People get tired, and metal is no exception. But when metal gets tired, it just breaks. What's going on here?
I think we all did this when we were kids, bending wire over and over again. In the same place, keep bending, and eventually the piece of wire will break. Have you ever wondered how this works? And that's actually what this episode is about -- metal fatigue. Yes, metals also tire, and when subjected to repeated cycles of force, they break directly in a place where the stress is concentrated.
If we want to understand metal fatigue in detail, we need to understand a word - cyclic stress. As the name suggests, it's a constant cycle of stress. Just like when we bend a wire, we create a cyclic stress inside the wire. So how do we understand this cyclic stress?
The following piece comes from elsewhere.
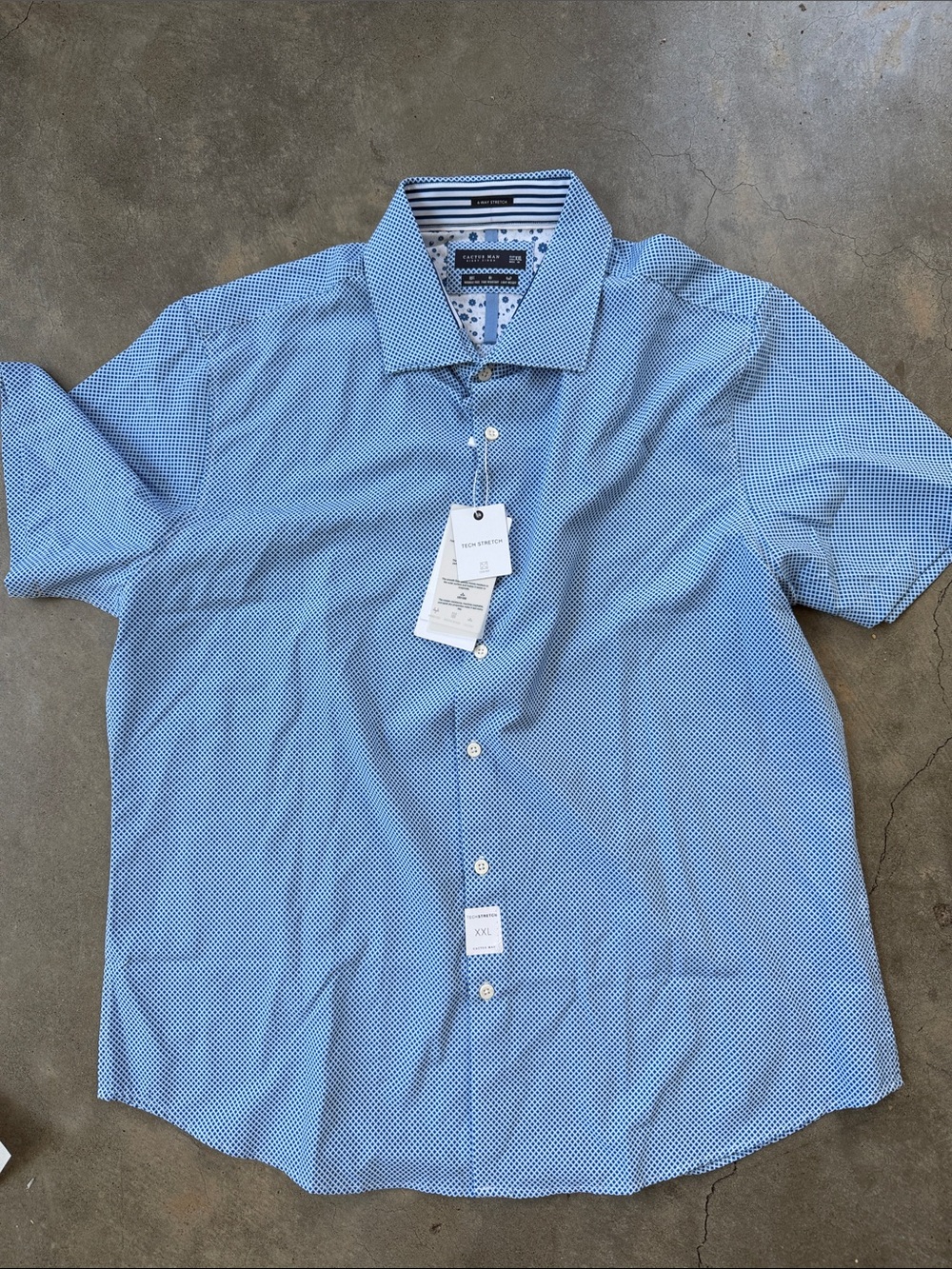 Van Heusen Light Blue Micro-Print Short-Sleeve Button-Down Shirt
There is another name for cyclic stress which is called alternating stress or repeated stress 39bet-kết quả bóng đá-kết quả xổ số miền bắc-kèo bóng đá -soi cầu bóng đá-đặt cược. Cycle, altercation, and repetition all have one thing in common, and that is periodic change. That is to say, the stress we cause to it is periodic and regular. Under the action of stress one after another, the metal is tired, and the damage to the metal itself is caused. At this time, the failure is called fatigue failure. We're always talking about two, three, four. The same applies to metals. We can simply understand that because we apply stress over and over again, the metal gets restless and impatient, so it breaks down.
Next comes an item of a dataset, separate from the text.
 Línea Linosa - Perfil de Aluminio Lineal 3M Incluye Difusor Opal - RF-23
For example, when we give a wire a hammer, the force of the hammer is the force exerted by the outside world on the wire. Under the force of the hammer, the wire is smashed flat by us. In order to make the wire return to its previous shape, the internal forces interacting with each other in the wire, that is, the stress.
Now you guys have a pretty good idea of what cyclic stress is, right? Under the action of repeated cyclic stress, although the metal itself does not break at the beginning, small cracks in its body are constantly accumulating. When the accumulation to the end, the fracture has been particularly serious, at this time there will be a complete fracture, and this situation is unavoidable, which is metal fatigue.
And of course, the only way to do that is if we apply metal fatigue to parts of the metal. Or take the bending of the wire as an example, constantly bending a part of the wire, the wire will be broken, which is an important feature of metal fatigue, that is, the location of the locality, which we can understand as click by click. But when you think about it, metal fatigue is an interesting physical property. Every time we stress the metal beyond its stress limit, it breaks after many sets of stress. So what does that tell us? Quantitative change produces qualitative change. Every small effort seems insignificant, but in the end, it will lead to revolutionary change.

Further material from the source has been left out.